The only place where squid (or the target website) tell us more details is the body of the error response.

gerrit change 172437 adds remote server output to the debug log to help troubleshoot such issues.

Tgr added a comment.Nov 12 2014, 10:43 AM

(In reply to Bawolff (Brian Wolff) from comment #11)

Its a proxy squid server in between the api and the rest of the internet. I
dont think mw has any way of knowing it hit a file too big instead of legit

We are talking about a squid operated by WM-PL, right? AFAIK wikimedia.pl is not WMF-hosted.

That would make this a bug in the squid configuration of WM-PL, presumably. Is there a tracker where this could be upstreamed then?

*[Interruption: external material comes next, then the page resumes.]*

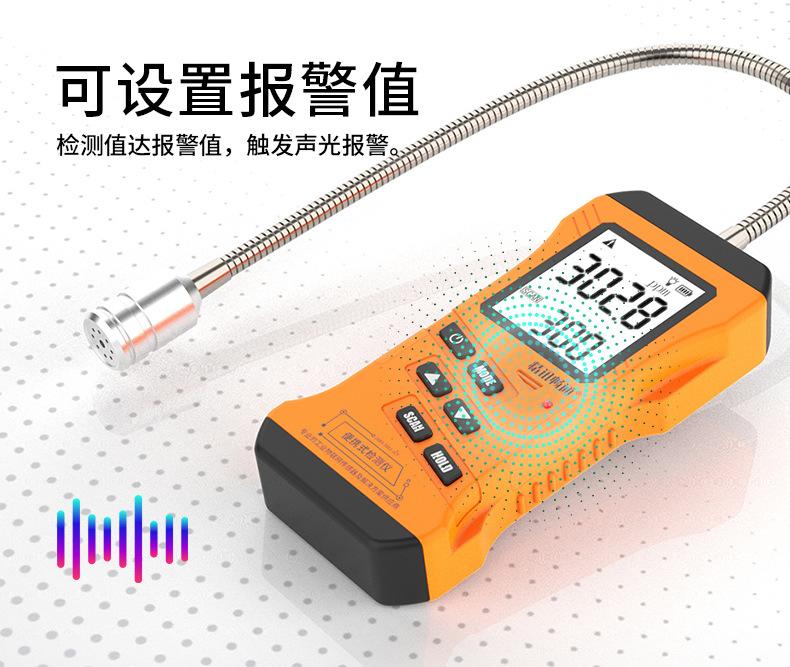 便携式氟利昂&可燃气体检漏仪-详情（已改）_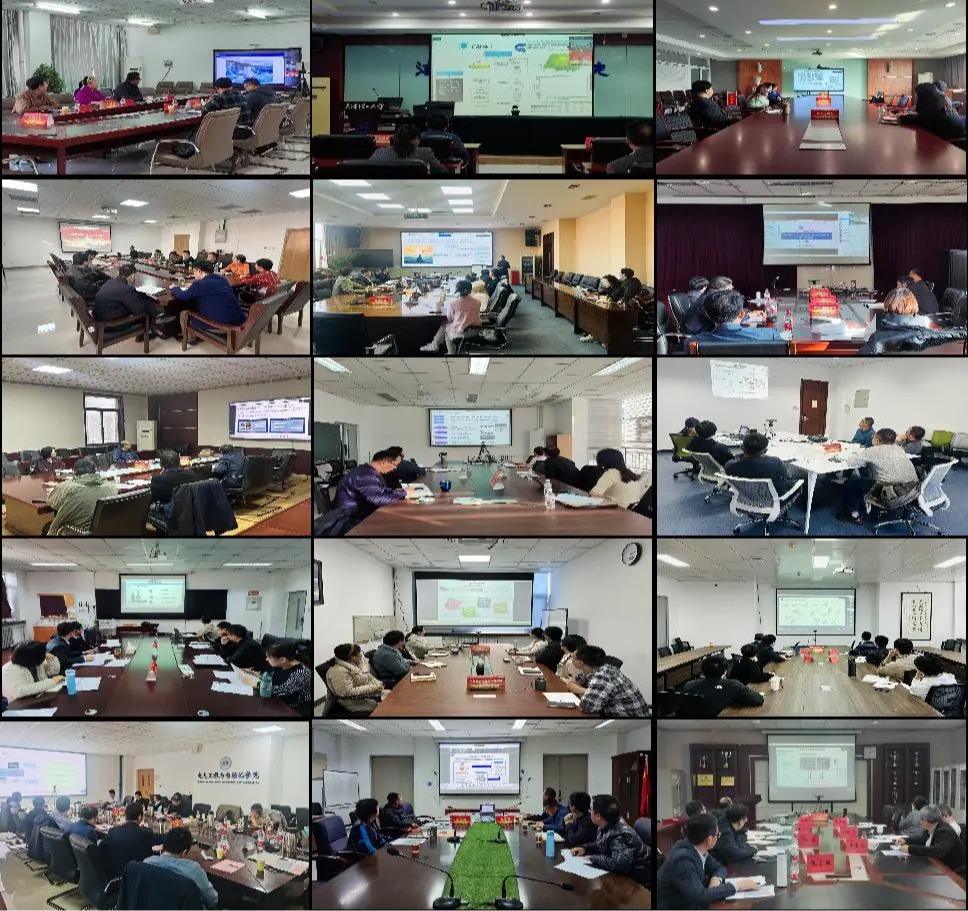 聚才共筑贝博梦 创新发展谱新篇——艾弗森贝博ballbet官网第五届“明理学者”国际论坛举办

I think the timeout is currently 30 seconds(?) Im not surprised you hit it.
You would have to have some pretty good connectivity to transfer a 900mb file
in 30 seconds.

The deeper issue is, then, that we don't have a method for upload-by-url that's not limited by the timeout (unlike normal uploads, where we have the chunked upload API)?

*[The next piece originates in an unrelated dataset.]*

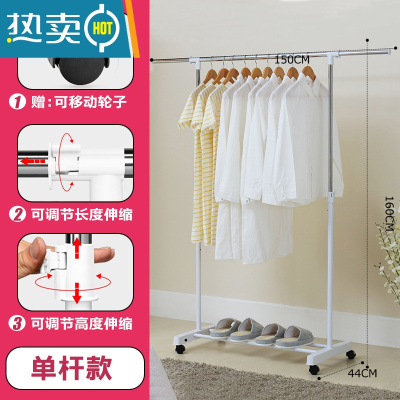 敬平简易衣架挂衣架落地卧室衣服衣帽架子落地式单杆式家用房间晾衣架 珍珠白:长(90-150)X宽43X高(90-160)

(In reply to Tisza Gergő from comment #14)

(In reply to Bawolff (Brian Wolff) from comment #11)
> Its a proxy squid server in between the api and the rest of the internet. I
> dont think mw has any way of knowing it hit a file too big instead of legit
> 403.

We are talking about a squid operated by WM-PL, right? AFAIK wikimedia.pl is
not WMF-hosted.

No, we are talking about url-downloader.wikimedia.org proxy. I believe the proxy is used as a security measure (not 100% sure against what, but isolating user trigerrable http downloads is probably just a goodvidea in general)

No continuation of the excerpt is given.